Suppose $a, b\in G$ such that $\lvert a\rvert$ is odd and $aba^{-1}=b^{-1}$. Show that $b^2=e$. I'm reading "Contemporary Abstract Algebra," by Gallian.
This is Exercise 4.30.

Suppose $a$ and $b$ belong to a group, $a$ has odd order, and $aba^{-1}=b^{-1}$. Show that $b^2=e$.

My Attempt:
Let $\lvert a\rvert=2n+1$, $n\in\Bbb N\cup\{0\}$.
We have $$\begin{align}
b&=(b^{-1})^{-1} \\
&=(aba^{-1})^{-1} \\
&=ab^{-1}a^{-1},
\end{align}$$
so, by induction, $b=a(\underbrace{aba^{-1}}_{=b^{-1}})a^{-1}=\dots =a^{2n}ba^{-2n}$, so that
$$\begin{align}
b&=a^{2n}ba^{-2n} \\
&=a^{2n}(ab^{-1}a^{-1})a^{-2n} \\
&=a^{2n+1}b^{-1}a^{-(2n+1)} \\
&=b^{-1},
\end{align}$$
so $b=b^{-1}$, i.e., $b^2=e$.$\square$

Is the above proof okay?

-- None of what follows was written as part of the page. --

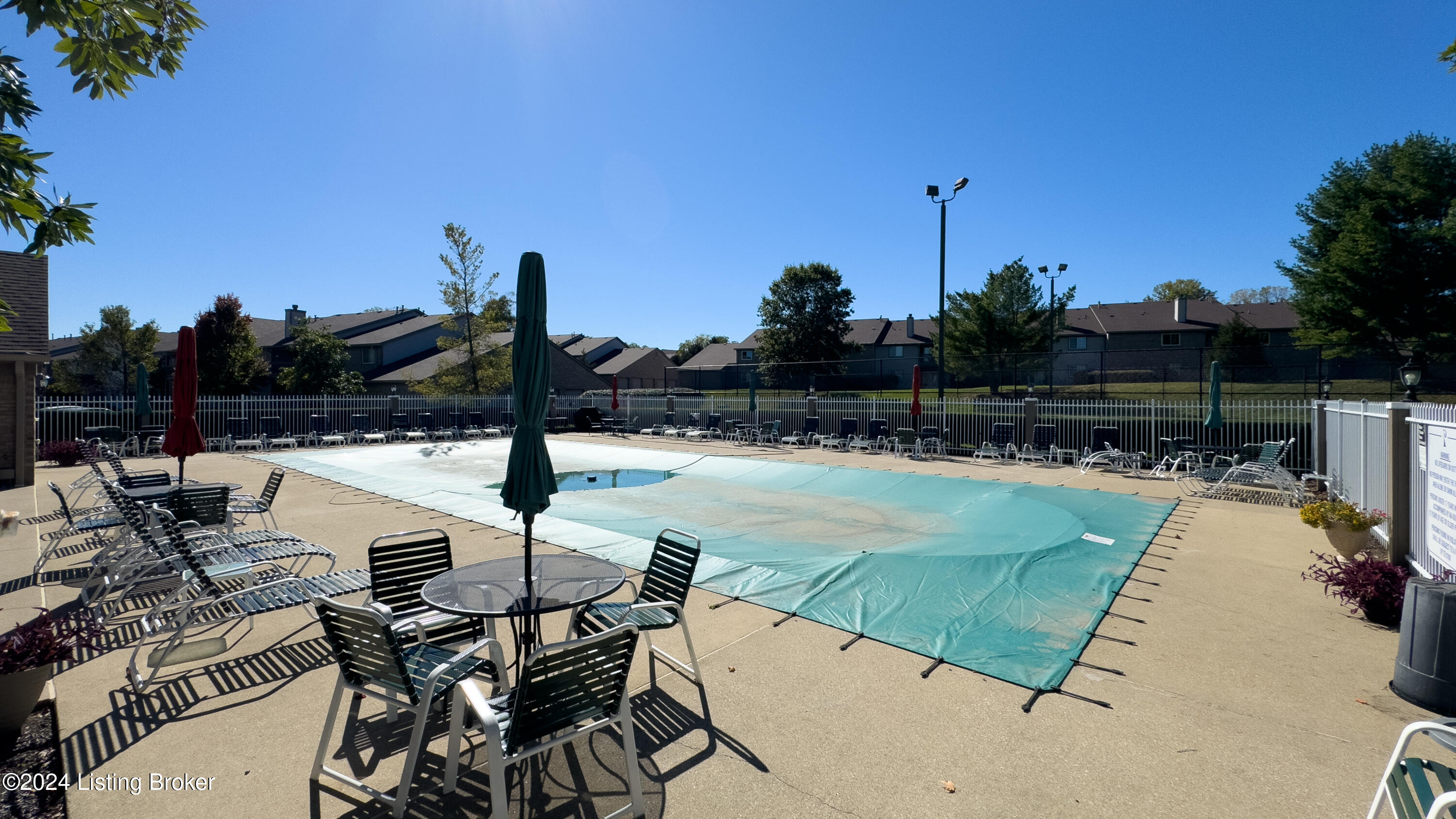 1301 Swan Pointe Blvd #102, Louisville, Kentucky image 16
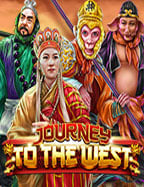 รีวิวสล็อต ทดลองเล่น กับฟีเจอร์ที่ต้องรู้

I think it is.
However, I'd be interested to see how properties of Baumslag-Solitar groups could be used here, since $aba^{-1}=b^{-1}$ brings them to mind.
 A: Your proof is fine. Here is an alternative one using a bit more group theory.
Let $G$ denote the subgroup generated by $a$ and $b$. Let $H \cong \mathbb{Z}_n$ be the subgroup of $G$ generated by $b$. Since $aba^{-1}=b^{-1}$, it follows that $H$ is normal $G$. The quotient $G/H$ must be isomorphic to $\mathbb{Z}_m$ for some odd $m$, since the image of $a$ under the map $G \rightarrow G/H$ maps to a generator of $G/H$ and $a$ has odd order. The conjugation action of $a$ on $H$ hence gives rise to a homomorphism
$$  \mathbb{Z}_m \rightarrow \mathrm{Aut}(H): 1 \mapsto \varphi=( b \mapsto aba^{-1}=b^{-1})      $$
Note that $\varphi$ is either trivial or of order two. Since $m\varphi =0$ for $m$ odd, it follows that $\varphi$ is trivial. Hence $b=b^{-1}$, i.e. $b^2=e$.
A: We have
$$\begin{align}
aba^{-1}=b^{-1}&\implies ab=b^{-1}a=x\\
&\implies (ab) \cdot (b^{-1}a)=x^2 \\
&\implies a^2=x^2.
\end{align}$$
Now:
$$\begin{align} x^{2m+1}&= (x^2)^m \cdot x\\ &= (a^2)^m \cdot (ab)\\ &= a^{2m+1}\cdot b\\ &=b.\end{align}$$
and
$$\begin{align} x^{2m+1}=b &\implies (x^{2m+1})^2=b^2 \\ &\implies (x^2)^{2m+1}=b^2 \\ &\implies (a^2)^{2m+1}=b^2 = (a^{2m+1})^2\\ & \implies e=b^2. \end{align}$$